The applicant issued judicial review proceedings seeking to quash the Minister’s decision. He lost in the High Court. On appeal to the Supreme Court, the issue between the parties was referred to the Court of Justice of the European Union (CJEU), in the form of the following question:-
“Does Council Directive 2004/83/EC interpreted in the light of the principle of good administration in the law of the European Union and in particular as provided for by Article 41 of the Charter of Fundamental Rights of the European Union, permit a member state to provide in its law that an application for subsidiary protection status can be considered only if the applicant has applied for and been refused refugee status in accordance with national law?”
The CJEU upheld the Minister’s interpretation of the law, rejecting the applicant’s contention that he was entitled to make a stand-alone application for subsidiary protection.

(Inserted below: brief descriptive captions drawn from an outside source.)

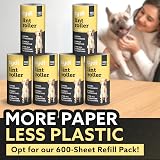 Tydi Lint Roller Refills 600 Sheets Pet Hair Remover Compatible view 6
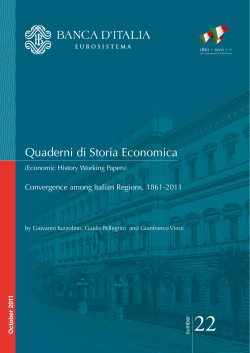 Convergence among Italian Regions, 1861-2011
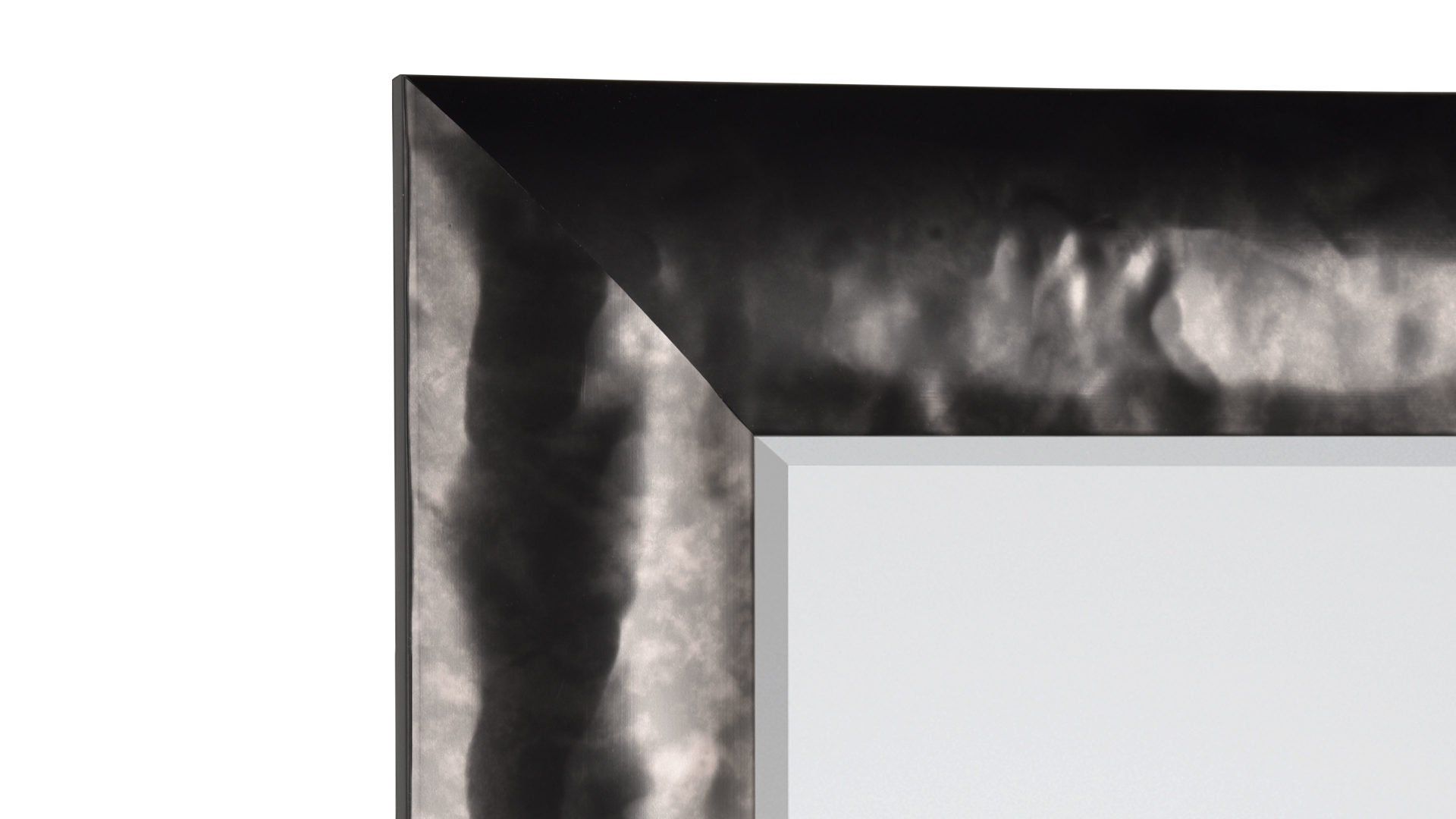 Wandspiegel Mirrors and more aus Spiegel in Schwarz Rahmenspiegel Elli Schwarz - ca. 70 x 170 cm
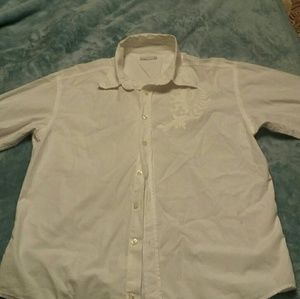 Button up blinged blouse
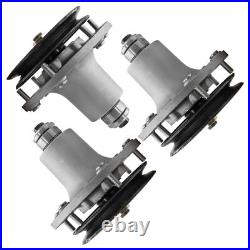 Caltric 116-3344 116-0675 116-3341 Spindles with 6.50 Pulley for Exmark 52 in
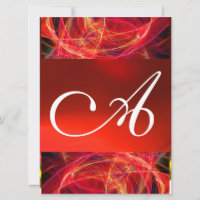 CRAZY PHOTON MONOGRAM red black pink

The CJEU emphasised that the Geneva Convention was recognised in the Qualification Directive as the cornerstone of international protection, and the complementary and secondary nature of the subsidiary protection put in place by that Directive. In the light of this, it held that an application for subsidiary protection should not, in principle, be considered before the competent authority has reached the conclusion that the person did not qualify for refugee status.
Accordingly, it held that the Qualification Directive did not preclude Irish national legislation which provided that the requirements for granting refugee status had to be considered before those relating to subsidiary protection.
The CJEU also held that the procedural rule which required the applicant to exhaust the refugee determination process before becoming entitled to have his subsidiary protection application considered, was not precluded by other rules of EU law. It agreed with the Minister that, in the absence of EU rules concerning the procedural requirements attaching to the examination of an application for subsidiary protection, the Member States remained competent, in accordance with the principle of procedural autonomy, to determine those requirements. It also held that the procedural rule at issue between the parties was not at odds with the right to good administration.
Finally, the CJEU held that it should be possible to submit an application for refugee status and an application for subsidiary protection at the same.
The CJEU therefore held that the Qualification Directive did not preclude the Regulations of 2006 from providing that an application for refugee status had to be rejected in order for the subject of it to become eligible to apply for subsidiary protection.